LogisticRegression.fit(X_train,y_train)

print("LogisticRegression Classifier model run successfully")

LogisticRegression Classifier model run successfully


## 4.5 Support Vector Machine Model

In [0]:
SVClassifier = SVC(kernel= 'linear',
                   degree=3,
                   max_iter=10000,
                   C=2, 
                   random_state = 55)

SVClassifier.fit(X_train,y_train)

print("SVClassifier model run successfully")

SVClassifier model run successfully


## 4.6 Voting Classifier Model

In [0]:
#modelsNames = []

#votingClassifier = VotingClassifier(voting = 'hard',estimators= modelsNames)
#votingClassifier.fit(X_train,y_train)
#print("votingClassifier model run successfully")

# 5 Models evaluation

Now we will evaluate our model using **f1_score** let's go. 

In [0]:
#evaluation Details
models = [decisionTreeModel, gradientBoostingModel, KNeighborsModel, LogisticRegression, SVClassifier]

for model in models:
    print(type(model).__name__,' Train Score is   : ' ,model.score(X_train, y_train))
    print(type(model).__name__,' Test Score is    : ' ,model.score(X_test, y_test))
    
    y_pred = model.predict(X_test)
    print(type(model).__name__,' F1 Score is      : ' ,f1_score(y_test,y_pred))
    print('--------------------------------------------------------------------------')
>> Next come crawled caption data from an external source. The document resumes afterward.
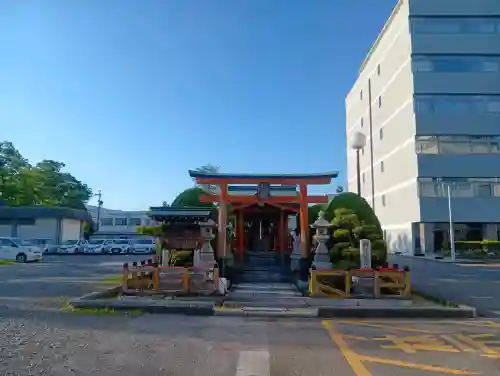 柳津稲荷社の{uncategorized: "未分類", other: "その他", undefined: "問題あり", building: "その他建物", grave: "お墓", sacred_gate: "鳥居", guardian: "狛犬", statue: "像", buddha: "仏像", history: "歴史", nature: "自然", garden: "庭園", animal: "動物", pagoda: "塔", temizu: "手水舎", mountain_gate: "山門・神門", sanctuary: "本殿・本堂", subordinate: "末社・摂社", art: "芸術", scenery: "景色", jizo: "地蔵", ema: "絵馬", goshuin: "御朱印", omikuji: "おみくじ", items: "授与品その他", amulet: "お守り", goshuincho: "御朱印帳", eats: "食事", festival: "お祭り", votive_dance: "神楽", shichigosan: "七五三参", wedding: "結婚式", experience: "体験その他", initially: "初詣", around: "周辺", anti_infection: "感染症対策"}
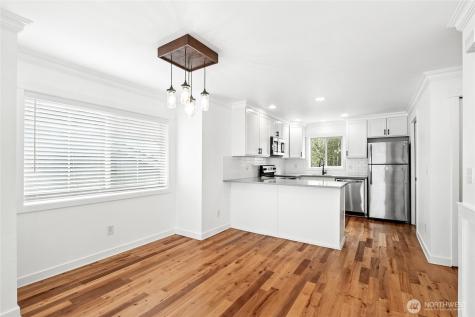 9011 46th Avenue S Seattle WA 98118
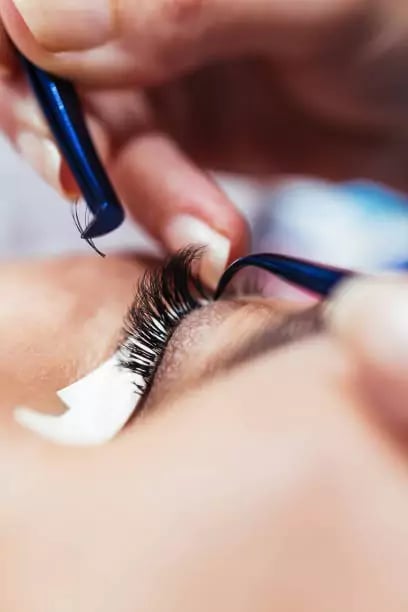 عملية زراعة الرموش في تركيا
DecisionTreeClassifier  Train Score is   :  0.9761904761904762
DecisionTreeClassifier  Test Score is    :  0.7419566644780039
DecisionTreeClassifier  F1 Score is      :  0.6743993371996686
--------------------------------------------------------------------------
GradientBoostingClassifier  Train Score is   :  0.8594417077175698
GradientBoostingClassifier  Test Score is    :  0.7511490479317138
GradientBoostingClassifier  F1 Score is      :  0.6331074540174251
--------------------------------------------------------------------------
KNeighborsClassifier  Train Score is   :  0.9761904761904762
KNeighborsClassifier  Test Score is    :  0.7406434668417596
KNeighborsClassifier  F1 Score is      :  0.5872518286311389
--------------------------------------------------------------------------
LogisticRegression  Train Score is   :  0.8502463054187193
LogisticRegression  Test Score is    :  0.7826657912015759
LogisticRegression  F1 Score is      :  0.7230125523012553
-------------------------

There is overtraining based on the differences in the scores seen here, I'll likely investigate this in the future.